After a lengthy career as a sports writer for The Dallas Morning News and other publications, Stowers found fame in a very different field, as a true crime writer. His first true crime book, “Careless Whispers,” was published in 1986. It detailed the horrific rapes and murders of three teenagers at Lake Waco in 1982. The book’s central character was a dedicated patrol sergeant who refused to stop investigating until all four perpetrators were finally incarcerated.

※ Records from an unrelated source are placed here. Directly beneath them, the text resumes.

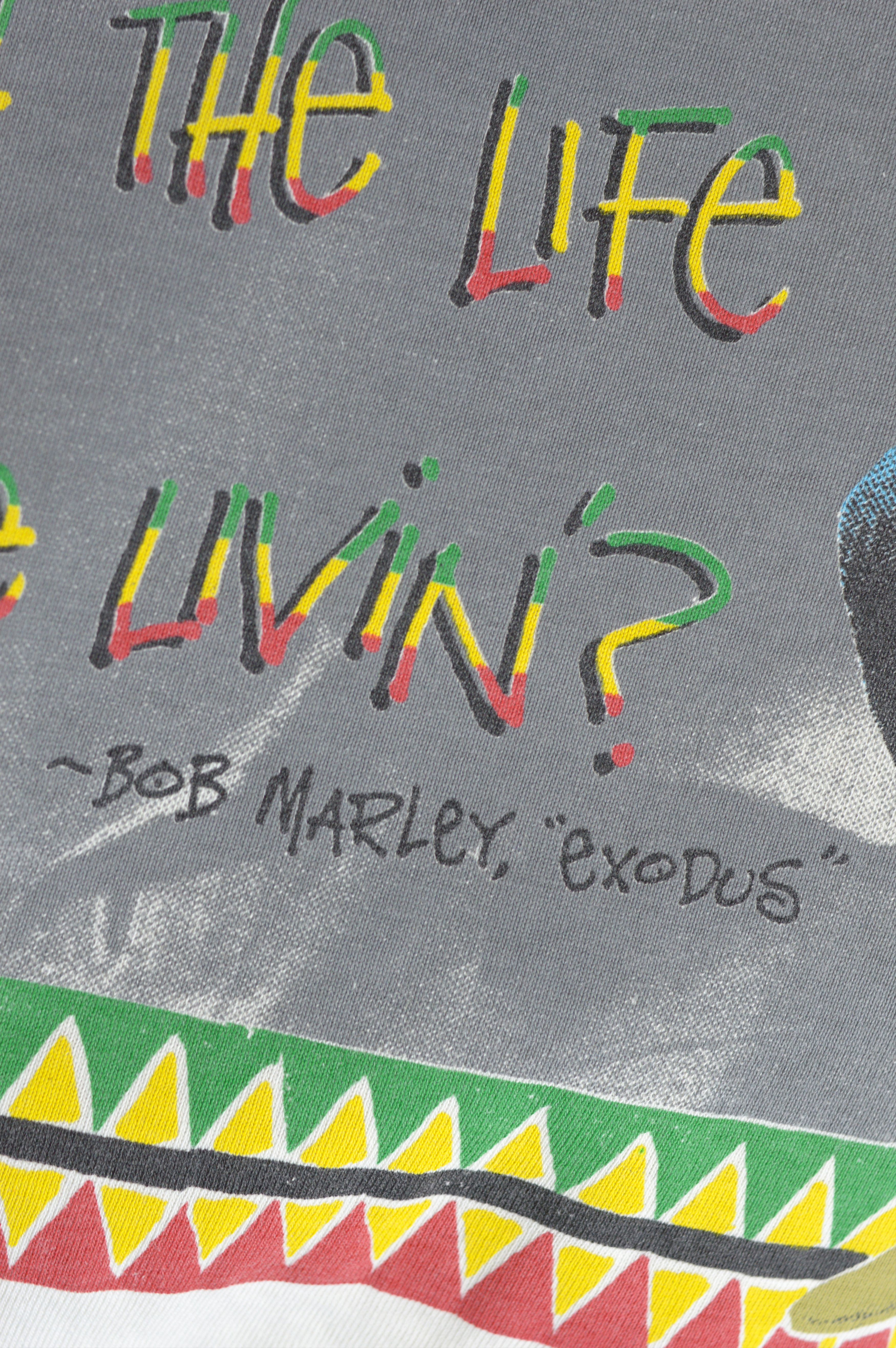 Bob Marley × Vintage Vintage Bob Marley Exodus 90s t shirt Size US XL / EU 56 / 4 - 7 Thumbnail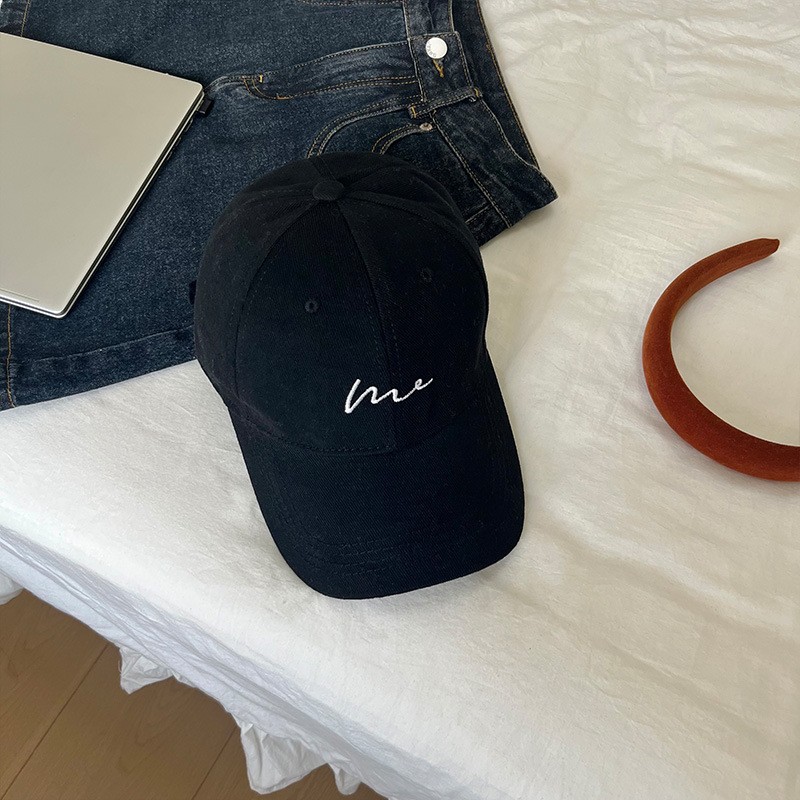hat women's sun-proof big head circumference baseball cap men's trendy niche high-grade all-match sports korean style peaked cap makes face look small Specification drawing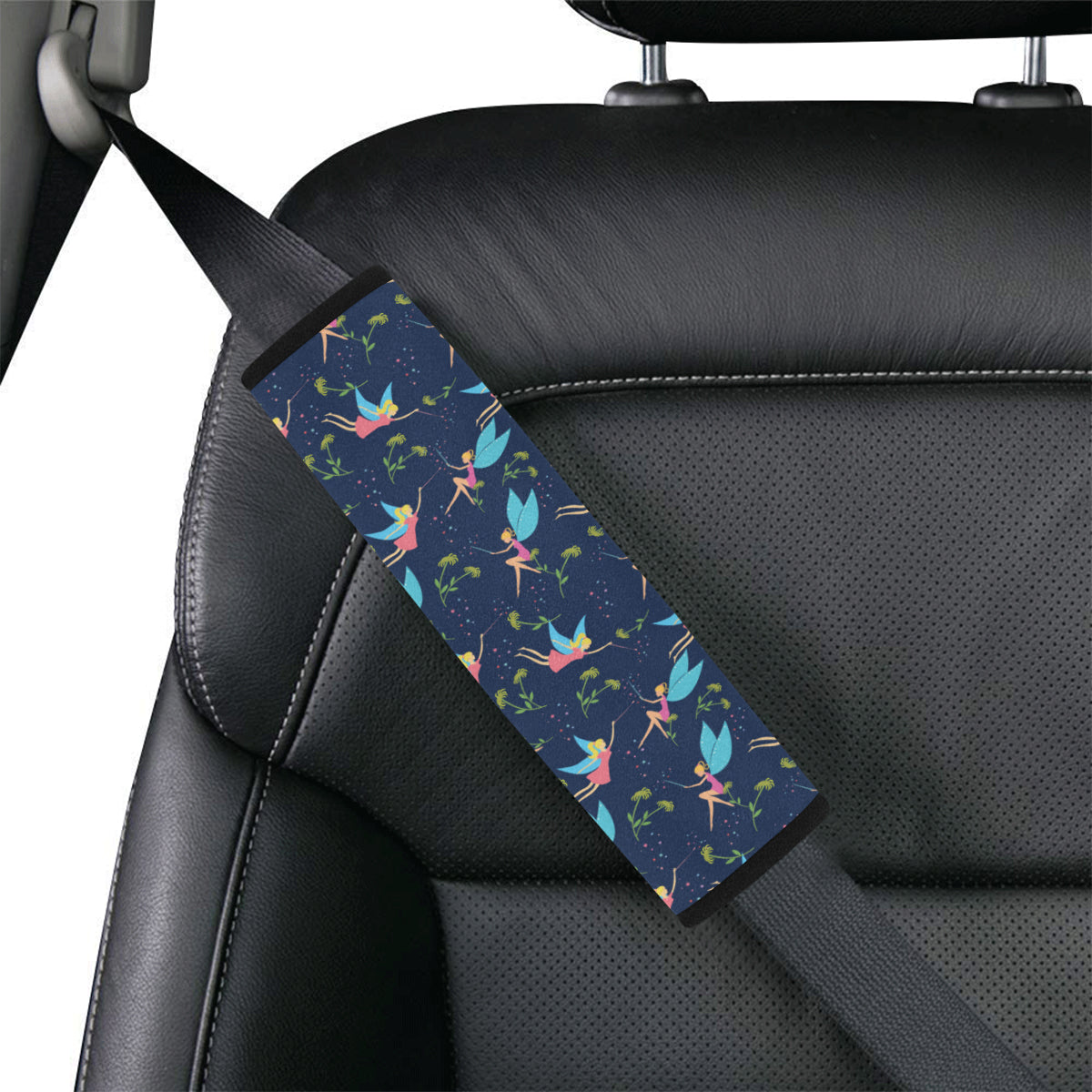 Fairy with flower Print Pattern Car Seat Belt Cover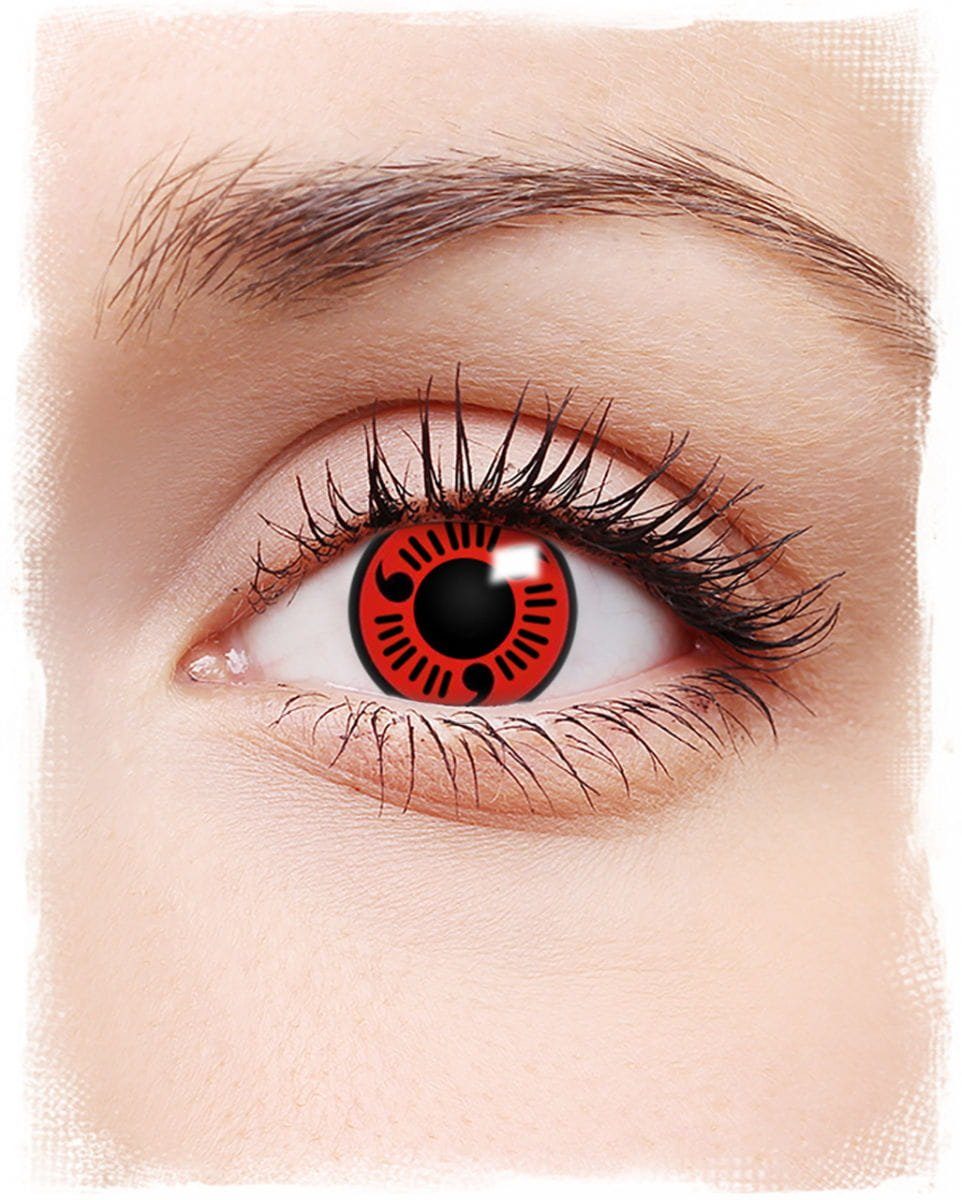 Farblinsen Weiche Sharingan Cosplay 12-Monats-Kontaktlinsen f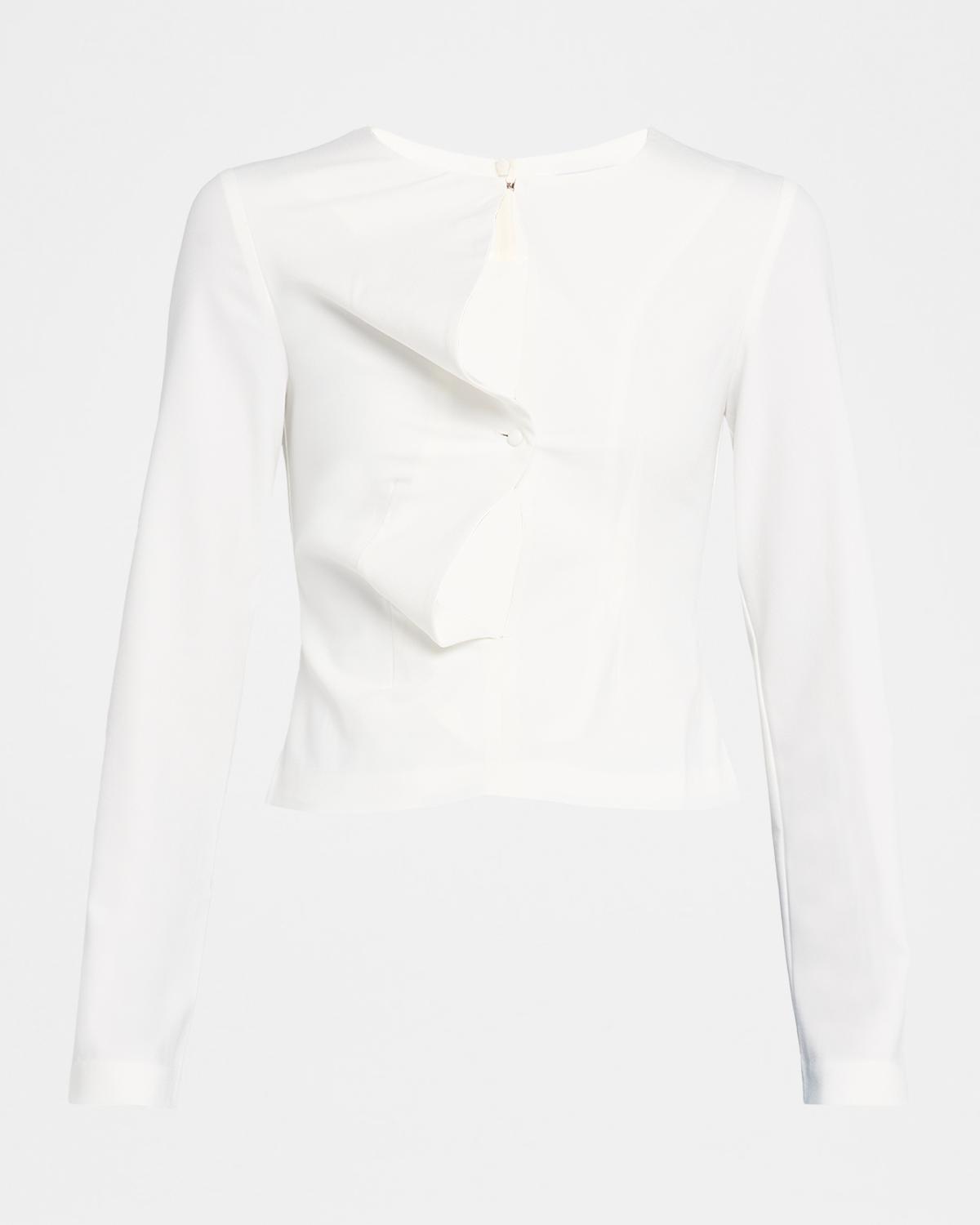 Wynn Hamlyn Esther Cut-Out Long-Sleeve Top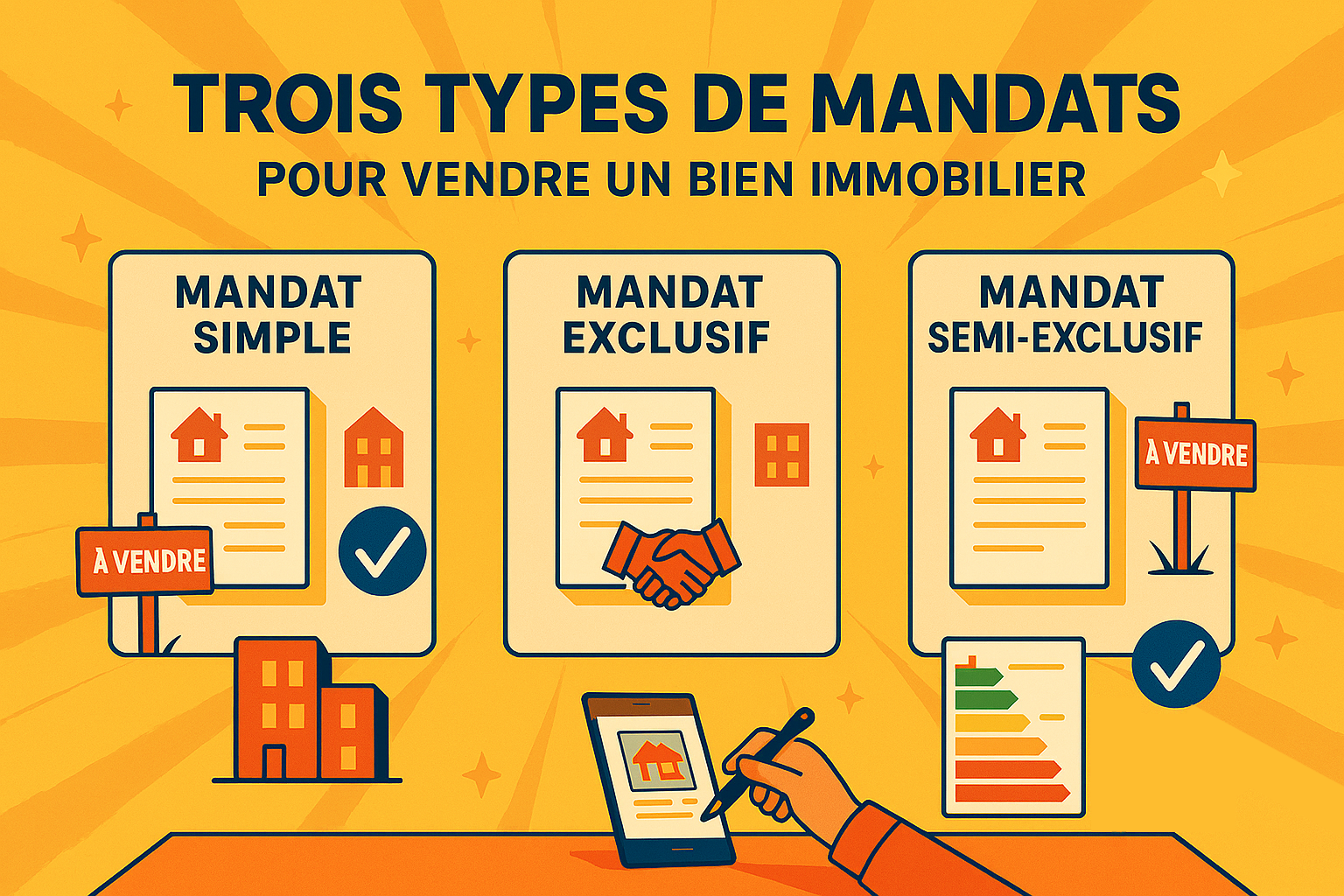 Mandat simple, exclusif ou semi-exclusif : lequel choisir ?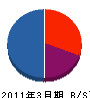 篠＊組 貸借対照表 2011年3月期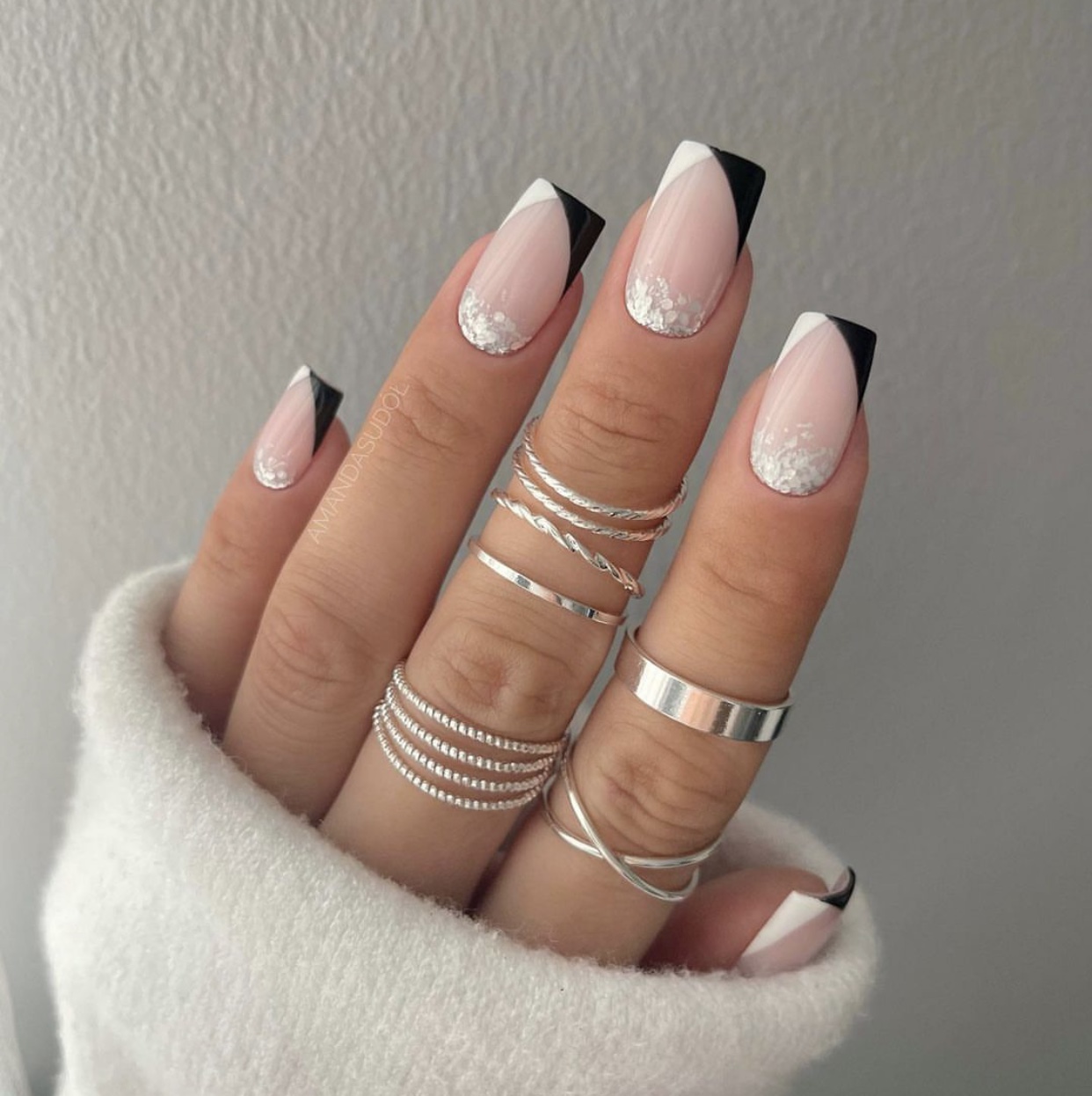 63 Cute French Tip Nail Designs To Inspire Your Next Manicure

Stowers said, “I was ready to reinvent myself from sports writing and move on to something different, after being in that business a lot of years. I stumbled into writing about crime, something I had never aspired to do. But after the success of ‘Careless Whispers,’ I was now labeled a true crime writer. I did that for a half dozen books or so, but it’s difficult to spend two years dealing with that kind of subject.”

Celebrated Texas Author Carlton Stowers Writing Westerns
Photo: Where Dreams Die Hard

True crime books “To the Last Breath” and “Careless Whispers,” won the Mystery Writers of America’s Edgar Allan Poe Award for Best Fact Crime Book for their year. Other award-winning, best-selling books during that period were “Scream at the Sky,” “Innocence Lost,” (nominated for a Pulitzer Prize), and “Open Secrets.” He also wrote an autobiographical “Sins of the Son.”

Carlton’s books have been selections for Book of the Month Club, Literary Guild, Doubleday Book Club, Mystery Book Club, and numerous others. Movie/TV production companies optioned five of his books. “Open Secrets” was the basis for an ABC mini-series, “Telling Secrets.” “To the Last Breath” was included in Readers’ Digest’s anthology, “Today’s Best Non-Fiction.” His work has been translated into Afrikaans, Dutch, French, German, Japanese, Spanish, and Swedish languages.